-- WHAT TO WORK ON --
Omit all pictures, and print word for word only the lines from the one containing "Flying Nature Nature" through the end of the data.

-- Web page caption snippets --
----
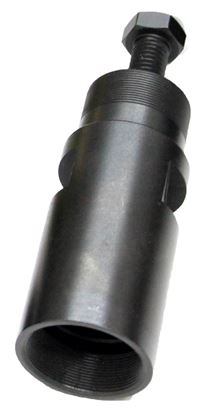 Picture of Honda ATV Clutch Puller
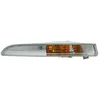 Image de Feu clignotant TYC 12-0081-01-9 droite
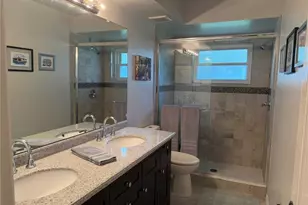 810 Sweetbriar Rd, Orlando, FL 32806 - Photo 21
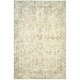 preview thumbnail 12 of 10, Galey Alix x Livabliss Fetscher II Vintage Medallion Area Rug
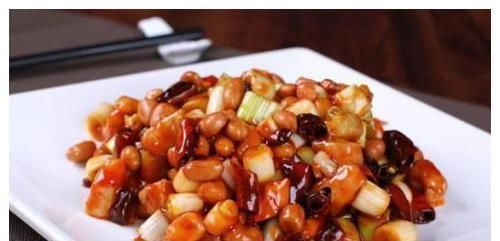 夸赞|香飘满屋的几道家常菜,好吃的流口水,做法简单,家人吃过都夸赞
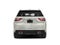 2019 Chevrolet Traverse High Country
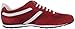 BOSS Orange by Hugo Boss Men's Orlenno Sneaker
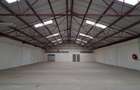 7,000 ft² Warehouse with Service Charge Included in Industrial Area - 3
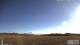 Hobart 14.07.2025 11:34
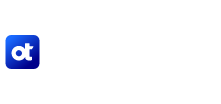Image for OpenText
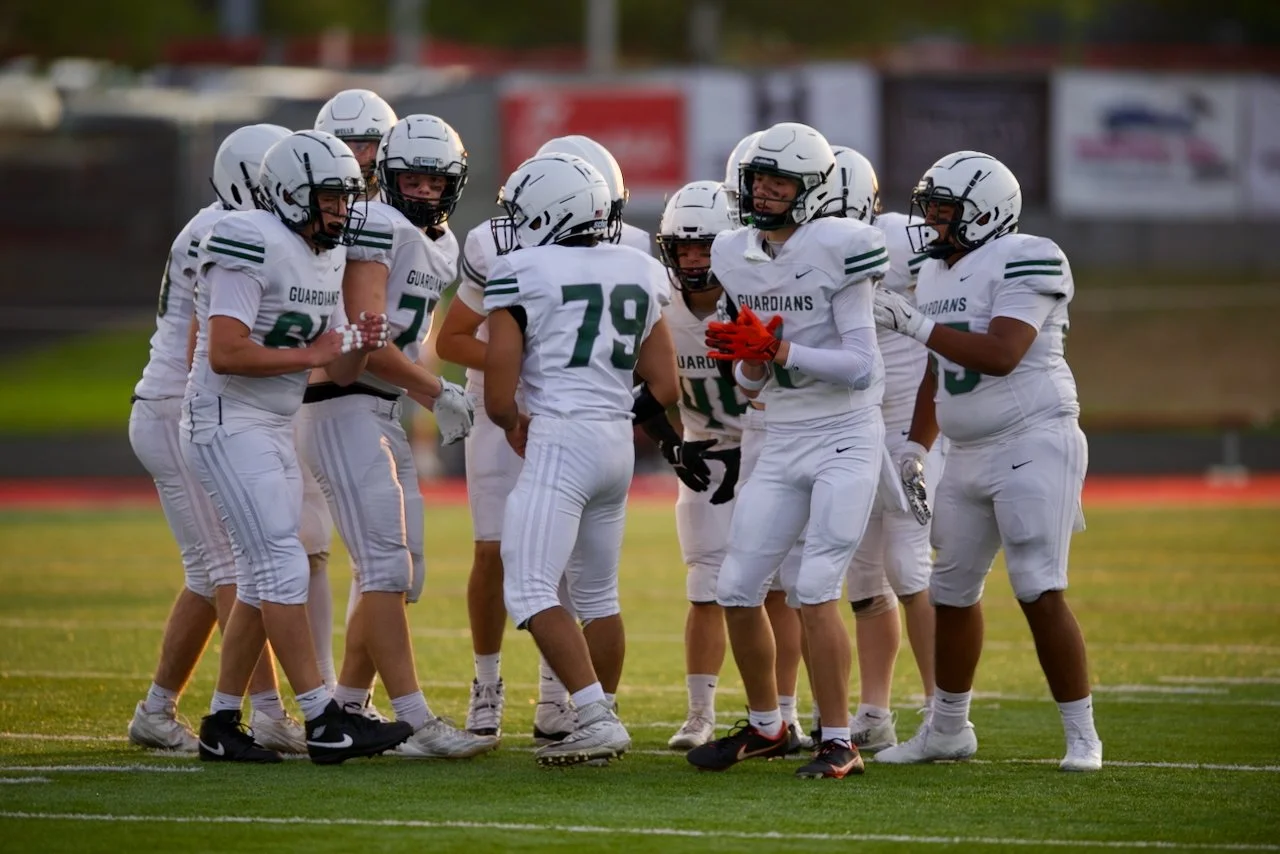 DSC_6249.jpeg (Copy)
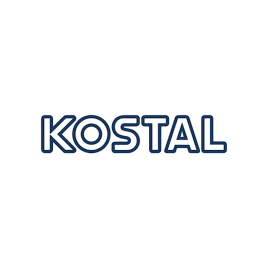 Kostal Solar Photovoltaik Logo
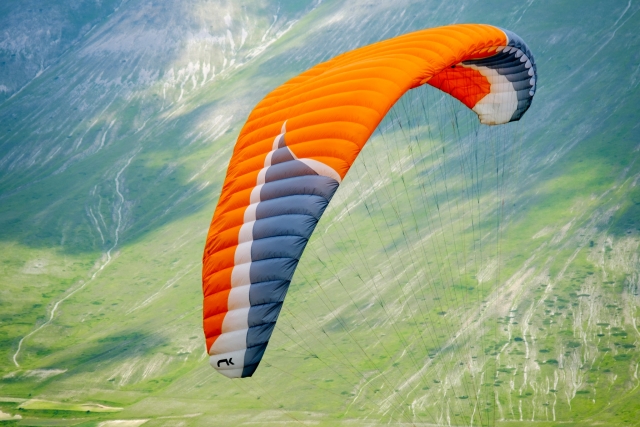  Flying Nature Nature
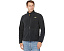 Флисовая куртка L.L.Bean Mountain Classic Fleece Jacket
----
-- TASK OUTPUT --
  Flying Nature Nature
 Флисовая куртка L.L.Bean Mountain Classic Fleece Jacket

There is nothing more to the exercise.